Sharp-eyed shoppers of Indianapolis-based Marsh Supermarkets noticed that any reference to double coupons disappeared from the store’s website and weekly circular yesterday. The store had doubled coupons up to $.50, and as recently as last week promoted that fact on its Facebook page. In response to a question about tripling coupons, Marsh posted, “we don’t have any Triple Coupon events scheduled but we double coupons every day!”
But now they don’t. Customers took to Facebook looking for answers as to why the reference to double coupons had disappeared. Turns out, it was because double coupons themselves had disappeared. “Double coupons have ended,” Marsh confirmed. “As we strive to be more relevant and offer more value to every shopper who walks through our doors, it becomes necessary to change programs.” The store noted that it has been mailing out coupons, offering coupons at checkout and improving its digital coupon program. In addition, “we are excited to be able to offer additional values in store with our new Price Lock program and will continue to add programs that bring value every day.”
Customers expressed anger and disappointment in the policy, as well as in the quiet – almost sneaky – way they implemented it. No announcement, just a response to customer questions. If no one had asked, would they have said anything at all?
It’s enough to make you wonder whether double coupons are going the way of the dinosaur (why, here’s a story that asks just that: “Double Coupons: Dying Like Dinosaurs?”). Kroger eliminated double coupons in its Houston and Dallas-area stores in 2011, and will do the same for its Cincinnati-area stores next month (read: “Kroger Offers New Lower Prices! Oh, And No More Double Coupons”). Kroger-owned Ralphs stores in California did away with doubles in 2012, a move matched a few months later by its competitor Vons.
But other chains have experimented with, and ultimately relented on, eliminating double coupons in the past. Maybe the time just wasn’t right when they first tried it a few years ago. Does that mean the time is right now?
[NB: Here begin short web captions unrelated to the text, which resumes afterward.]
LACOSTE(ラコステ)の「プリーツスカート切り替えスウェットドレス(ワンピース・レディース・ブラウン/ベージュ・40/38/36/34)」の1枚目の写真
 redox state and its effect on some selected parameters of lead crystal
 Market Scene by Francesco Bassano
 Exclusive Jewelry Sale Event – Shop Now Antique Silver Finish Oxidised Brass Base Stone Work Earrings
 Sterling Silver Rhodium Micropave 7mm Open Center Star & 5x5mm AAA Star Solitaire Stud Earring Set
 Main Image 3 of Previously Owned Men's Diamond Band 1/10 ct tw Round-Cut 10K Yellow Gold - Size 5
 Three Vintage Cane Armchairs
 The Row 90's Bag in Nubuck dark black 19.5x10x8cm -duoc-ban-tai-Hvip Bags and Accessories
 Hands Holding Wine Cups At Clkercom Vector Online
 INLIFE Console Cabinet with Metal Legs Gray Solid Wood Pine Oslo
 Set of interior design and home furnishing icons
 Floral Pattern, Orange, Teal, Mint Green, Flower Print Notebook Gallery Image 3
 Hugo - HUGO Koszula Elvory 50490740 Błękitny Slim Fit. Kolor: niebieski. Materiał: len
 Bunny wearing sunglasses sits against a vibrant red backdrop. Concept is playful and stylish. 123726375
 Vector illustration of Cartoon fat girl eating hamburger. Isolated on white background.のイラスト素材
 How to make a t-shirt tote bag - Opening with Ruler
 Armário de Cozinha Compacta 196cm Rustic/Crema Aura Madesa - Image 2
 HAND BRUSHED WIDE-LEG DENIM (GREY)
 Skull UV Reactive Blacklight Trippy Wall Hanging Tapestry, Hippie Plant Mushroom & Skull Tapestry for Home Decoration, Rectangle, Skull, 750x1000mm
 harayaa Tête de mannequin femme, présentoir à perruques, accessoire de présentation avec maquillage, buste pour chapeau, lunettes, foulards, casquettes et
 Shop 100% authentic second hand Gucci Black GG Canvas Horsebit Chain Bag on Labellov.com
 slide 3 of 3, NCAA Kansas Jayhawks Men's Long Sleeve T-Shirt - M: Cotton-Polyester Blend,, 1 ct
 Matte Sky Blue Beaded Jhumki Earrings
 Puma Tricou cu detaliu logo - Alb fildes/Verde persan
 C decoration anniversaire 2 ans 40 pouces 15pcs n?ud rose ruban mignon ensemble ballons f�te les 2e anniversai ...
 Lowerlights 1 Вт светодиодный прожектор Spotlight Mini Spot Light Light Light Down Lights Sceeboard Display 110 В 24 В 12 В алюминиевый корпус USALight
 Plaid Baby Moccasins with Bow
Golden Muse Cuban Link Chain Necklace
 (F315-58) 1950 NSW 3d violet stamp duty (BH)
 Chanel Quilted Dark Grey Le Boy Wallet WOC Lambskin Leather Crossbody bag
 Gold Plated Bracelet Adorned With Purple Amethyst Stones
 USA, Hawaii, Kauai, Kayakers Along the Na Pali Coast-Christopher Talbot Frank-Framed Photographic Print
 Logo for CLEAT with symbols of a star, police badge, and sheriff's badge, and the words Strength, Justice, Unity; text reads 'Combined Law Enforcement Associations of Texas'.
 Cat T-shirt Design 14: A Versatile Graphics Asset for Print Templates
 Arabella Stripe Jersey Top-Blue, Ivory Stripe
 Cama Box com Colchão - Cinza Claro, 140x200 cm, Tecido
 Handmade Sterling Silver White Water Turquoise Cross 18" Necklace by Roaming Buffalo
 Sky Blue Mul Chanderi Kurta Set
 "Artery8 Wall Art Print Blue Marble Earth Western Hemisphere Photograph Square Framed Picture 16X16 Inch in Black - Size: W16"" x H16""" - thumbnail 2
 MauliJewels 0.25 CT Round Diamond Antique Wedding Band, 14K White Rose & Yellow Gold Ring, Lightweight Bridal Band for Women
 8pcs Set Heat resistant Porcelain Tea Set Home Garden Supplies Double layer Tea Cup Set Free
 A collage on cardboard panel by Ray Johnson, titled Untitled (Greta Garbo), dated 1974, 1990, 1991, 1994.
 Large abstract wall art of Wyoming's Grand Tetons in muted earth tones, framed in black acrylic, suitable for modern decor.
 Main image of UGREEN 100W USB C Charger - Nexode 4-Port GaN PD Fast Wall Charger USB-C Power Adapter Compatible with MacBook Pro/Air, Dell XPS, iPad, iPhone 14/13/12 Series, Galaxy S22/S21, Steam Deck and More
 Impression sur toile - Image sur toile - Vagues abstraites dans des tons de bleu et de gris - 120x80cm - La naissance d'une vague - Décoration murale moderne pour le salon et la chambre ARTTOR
Double coupons have been seen as a blessing and a curse since they were first introduced, by someone, sometime in the 1970’s. No one is quite sure of the details – not even Kroger, which once claimed to have invented double coupons. While stores are reimbursed by manufacturers for the face value of coupons, the stores themselves bear the cost of doubling and tripling. The blessing comes in the form of the increased traffic they bring – the curse comes in the form of lower profits.
Several decades ago, manufacturers even experimented with double coupons of their own, issuing “double-savings certificates” on their own products, which offered to double the value of any coupon to which they were attached. But in 1981, the Wall Street Journal issued a dire warning that the practice of double couponing could not be sustained, calling them “self-defeating promotions” and “a destructive practice.” If that wasn’t enough, it piled on: “Double or triple coupons can lead to lengthy checkout lines, an increase in fraudulent redemptions and rapidly emptied shelves.”
But the practice continued on, despite some stores’ best efforts to put an end to it. In 1984, the U.S. Justice Department launched an antitrust investigation, looking into whether some New York-area supermarket chains had colluded, in agreeing to end their double coupon promotions at the same time. A year later, two stores pleaded no contest and were fined $275,000 each.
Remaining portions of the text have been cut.